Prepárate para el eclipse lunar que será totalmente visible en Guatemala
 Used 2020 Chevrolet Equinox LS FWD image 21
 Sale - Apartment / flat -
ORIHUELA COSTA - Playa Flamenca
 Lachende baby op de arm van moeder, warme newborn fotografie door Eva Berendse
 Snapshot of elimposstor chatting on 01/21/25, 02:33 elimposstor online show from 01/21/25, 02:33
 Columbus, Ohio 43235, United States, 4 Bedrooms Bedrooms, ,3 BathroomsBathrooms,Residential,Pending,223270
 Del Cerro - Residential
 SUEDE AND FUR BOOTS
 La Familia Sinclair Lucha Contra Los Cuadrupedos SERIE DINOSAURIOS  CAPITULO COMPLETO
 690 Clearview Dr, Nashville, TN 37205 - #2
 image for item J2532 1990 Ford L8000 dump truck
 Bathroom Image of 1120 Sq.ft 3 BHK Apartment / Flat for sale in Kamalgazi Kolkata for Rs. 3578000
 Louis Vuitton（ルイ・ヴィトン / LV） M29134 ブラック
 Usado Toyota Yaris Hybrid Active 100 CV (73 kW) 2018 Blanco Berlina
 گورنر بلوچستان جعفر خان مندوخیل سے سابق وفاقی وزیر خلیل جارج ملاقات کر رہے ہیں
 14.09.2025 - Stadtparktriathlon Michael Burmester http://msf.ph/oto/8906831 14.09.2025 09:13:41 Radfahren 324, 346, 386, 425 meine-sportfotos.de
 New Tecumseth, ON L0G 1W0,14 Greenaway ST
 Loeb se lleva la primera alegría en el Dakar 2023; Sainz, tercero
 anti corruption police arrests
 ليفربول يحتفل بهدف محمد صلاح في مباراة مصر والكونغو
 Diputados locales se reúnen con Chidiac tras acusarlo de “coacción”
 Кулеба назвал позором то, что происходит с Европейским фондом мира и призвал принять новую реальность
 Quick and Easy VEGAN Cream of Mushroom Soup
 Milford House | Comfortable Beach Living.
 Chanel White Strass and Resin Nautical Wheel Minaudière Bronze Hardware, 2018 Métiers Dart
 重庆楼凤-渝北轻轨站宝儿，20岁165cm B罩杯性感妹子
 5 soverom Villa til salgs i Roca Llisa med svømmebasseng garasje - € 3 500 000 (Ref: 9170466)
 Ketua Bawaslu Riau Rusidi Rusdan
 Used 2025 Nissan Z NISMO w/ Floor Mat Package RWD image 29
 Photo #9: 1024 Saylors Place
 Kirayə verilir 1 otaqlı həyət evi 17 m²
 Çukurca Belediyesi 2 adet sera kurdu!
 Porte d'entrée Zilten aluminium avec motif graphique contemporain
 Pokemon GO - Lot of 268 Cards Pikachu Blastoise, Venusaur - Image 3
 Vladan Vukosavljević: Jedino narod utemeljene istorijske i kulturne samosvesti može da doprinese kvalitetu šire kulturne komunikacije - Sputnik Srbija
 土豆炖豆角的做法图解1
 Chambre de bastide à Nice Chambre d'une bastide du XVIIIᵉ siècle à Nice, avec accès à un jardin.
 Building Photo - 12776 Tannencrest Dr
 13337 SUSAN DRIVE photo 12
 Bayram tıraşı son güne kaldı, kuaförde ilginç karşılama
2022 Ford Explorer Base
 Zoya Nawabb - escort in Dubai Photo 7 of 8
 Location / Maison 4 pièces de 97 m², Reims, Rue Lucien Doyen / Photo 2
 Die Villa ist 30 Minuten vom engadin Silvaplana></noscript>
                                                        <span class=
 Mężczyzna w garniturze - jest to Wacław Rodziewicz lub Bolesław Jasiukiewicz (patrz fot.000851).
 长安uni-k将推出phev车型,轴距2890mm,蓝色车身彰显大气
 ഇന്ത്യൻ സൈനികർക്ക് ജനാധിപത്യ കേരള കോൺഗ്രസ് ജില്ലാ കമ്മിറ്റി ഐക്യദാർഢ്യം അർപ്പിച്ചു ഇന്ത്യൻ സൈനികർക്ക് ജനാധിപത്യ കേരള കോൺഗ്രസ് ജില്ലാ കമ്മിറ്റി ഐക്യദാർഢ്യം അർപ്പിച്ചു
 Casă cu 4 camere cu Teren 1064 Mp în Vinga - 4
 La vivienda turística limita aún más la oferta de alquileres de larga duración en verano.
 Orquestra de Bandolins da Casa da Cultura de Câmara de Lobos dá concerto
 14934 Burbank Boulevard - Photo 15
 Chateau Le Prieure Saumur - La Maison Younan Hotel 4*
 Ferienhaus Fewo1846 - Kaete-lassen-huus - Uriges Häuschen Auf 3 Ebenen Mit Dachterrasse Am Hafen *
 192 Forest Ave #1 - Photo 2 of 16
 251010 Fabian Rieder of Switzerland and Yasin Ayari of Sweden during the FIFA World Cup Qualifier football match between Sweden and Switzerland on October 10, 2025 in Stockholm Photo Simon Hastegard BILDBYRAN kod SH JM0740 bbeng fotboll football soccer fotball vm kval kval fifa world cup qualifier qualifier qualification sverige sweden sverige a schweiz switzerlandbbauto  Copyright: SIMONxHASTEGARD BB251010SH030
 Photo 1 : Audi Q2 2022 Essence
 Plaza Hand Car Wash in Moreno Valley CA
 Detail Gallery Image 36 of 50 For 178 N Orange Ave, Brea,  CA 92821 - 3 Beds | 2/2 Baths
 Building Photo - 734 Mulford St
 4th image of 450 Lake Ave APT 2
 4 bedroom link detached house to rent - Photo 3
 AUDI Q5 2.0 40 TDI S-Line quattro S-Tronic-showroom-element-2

# # #

## The task
All the records above must be transcribed without a single change to any word.

## Solved exercise
Prepárate para el eclipse lunar que será totalmente visible en Guatemala
 Used 2020 Chevrolet Equinox LS FWD image 21
 Sale - Apartment / flat -
ORIHUELA COSTA - Playa Flamenca
 Lachende baby op de arm van moeder, warme newborn fotografie door Eva Berendse
 Snapshot of elimposstor chatting on 01/21/25, 02:33 elimposstor online show from 01/21/25, 02:33
 Columbus, Ohio 43235, United States, 4 Bedrooms Bedrooms, ,3 BathroomsBathrooms,Residential,Pending,223270
 Del Cerro - Residential
 SUEDE AND FUR BOOTS
 La Familia Sinclair Lucha Contra Los Cuadrupedos SERIE DINOSAURIOS  CAPITULO COMPLETO
 690 Clearview Dr, Nashville, TN 37205 - #2
 image for item J2532 1990 Ford L8000 dump truck
 Bathroom Image of 1120 Sq.ft 3 BHK Apartment / Flat for sale in Kamalgazi Kolkata for Rs. 3578000
 Louis Vuitton（ルイ・ヴィトン / LV） M29134 ブラック
 Usado Toyota Yaris Hybrid Active 100 CV (73 kW) 2018 Blanco Berlina
 گورنر بلوچستان جعفر خان مندوخیل سے سابق وفاقی وزیر خلیل جارج ملاقات کر رہے ہیں
 14.09.2025 - Stadtparktriathlon Michael Burmester http://msf.ph/oto/8906831 14.09.2025 09:13:41 Radfahren 324, 346, 386, 425 meine-sportfotos.de
 New Tecumseth, ON L0G 1W0,14 Greenaway ST
 Loeb se lleva la primera alegría en el Dakar 2023; Sainz, tercero
 anti corruption police arrests
 ليفربول يحتفل بهدف محمد صلاح في مباراة مصر والكونغو
 Diputados locales se reúnen con Chidiac tras acusarlo de “coacción”
 Кулеба назвал позором то, что происходит с Европейским фондом мира и призвал принять новую реальность
 Quick and Easy VEGAN Cream of Mushroom Soup
 Milford House | Comfortable Beach Living.
 Chanel White Strass and Resin Nautical Wheel Minaudière Bronze Hardware, 2018 Métiers Dart
 重庆楼凤-渝北轻轨站宝儿，20岁165cm B罩杯性感妹子
 5 soverom Villa til salgs i Roca Llisa med svømmebasseng garasje - € 3 500 000 (Ref: 9170466)
 Ketua Bawaslu Riau Rusidi Rusdan
 Used 2025 Nissan Z NISMO w/ Floor Mat Package RWD image 29
 Photo #9: 1024 Saylors Place
 Kirayə verilir 1 otaqlı həyət evi 17 m²
 Çukurca Belediyesi 2 adet sera kurdu!
 Porte d'entrée Zilten aluminium avec motif graphique contemporain
 Pokemon GO - Lot of 268 Cards Pikachu Blastoise, Venusaur - Image 3
 Vladan Vukosavljević: Jedino narod utemeljene istorijske i kulturne samosvesti može da doprinese kvalitetu šire kulturne komunikacije - Sputnik Srbija
 土豆炖豆角的做法图解1
 Chambre de bastide à Nice Chambre d'une bastide du XVIIIᵉ siècle à Nice, avec accès à un jardin.
 Building Photo - 12776 Tannencrest Dr
 13337 SUSAN DRIVE photo 12
 Bayram tıraşı son güne kaldı, kuaförde ilginç karşılama
2022 Ford Explorer Base
 Zoya Nawabb - escort in Dubai Photo 7 of 8
 Location / Maison 4 pièces de 97 m², Reims, Rue Lucien Doyen / Photo 2
 Die Villa ist 30 Minuten vom engadin Silvaplana></noscript>
                                                        <span class=
 Mężczyzna w garniturze - jest to Wacław Rodziewicz lub Bolesław Jasiukiewicz (patrz fot.000851).
 长安uni-k将推出phev车型,轴距2890mm,蓝色车身彰显大气
 ഇന്ത്യൻ സൈനികർക്ക് ജനാധിപത്യ കേരള കോൺഗ്രസ് ജില്ലാ കമ്മിറ്റി ഐക്യദാർഢ്യം അർപ്പിച്ചു ഇന്ത്യൻ സൈനികർക്ക് ജനാധിപത്യ കേരള കോൺഗ്രസ് ജില്ലാ കമ്മിറ്റി ഐക്യദാർഢ്യം അർപ്പിച്ചു
 Casă cu 4 camere cu Teren 1064 Mp în Vinga - 4
 La vivienda turística limita aún más la oferta de alquileres de larga duración en verano.
 Orquestra de Bandolins da Casa da Cultura de Câmara de Lobos dá concerto
 14934 Burbank Boulevard - Photo 15
 Chateau Le Prieure Saumur - La Maison Younan Hotel 4*
 Ferienhaus Fewo1846 - Kaete-lassen-huus - Uriges Häuschen Auf 3 Ebenen Mit Dachterrasse Am Hafen *
 192 Forest Ave #1 - Photo 2 of 16
 251010 Fabian Rieder of Switzerland and Yasin Ayari of Sweden during the FIFA World Cup Qualifier football match between Sweden and Switzerland on October 10, 2025 in Stockholm Photo Simon Hastegard BILDBYRAN kod SH JM0740 bbeng fotboll football soccer fotball vm kval kval fifa world cup qualifier qualifier qualification sverige sweden sverige a schweiz switzerlandbbauto  Copyright: SIMONxHASTEGARD BB251010SH030
 Photo 1 : Audi Q2 2022 Essence
 Plaza Hand Car Wash in Moreno Valley CA
 Detail Gallery Image 36 of 50 For 178 N Orange Ave, Brea,  CA 92821 - 3 Beds | 2/2 Baths
 Building Photo - 734 Mulford St
 4th image of 450 Lake Ave APT 2
 4 bedroom link detached house to rent - Photo 3
 AUDI Q5 2.0 40 TDI S-Line quattro S-Tronic-showroom-element-2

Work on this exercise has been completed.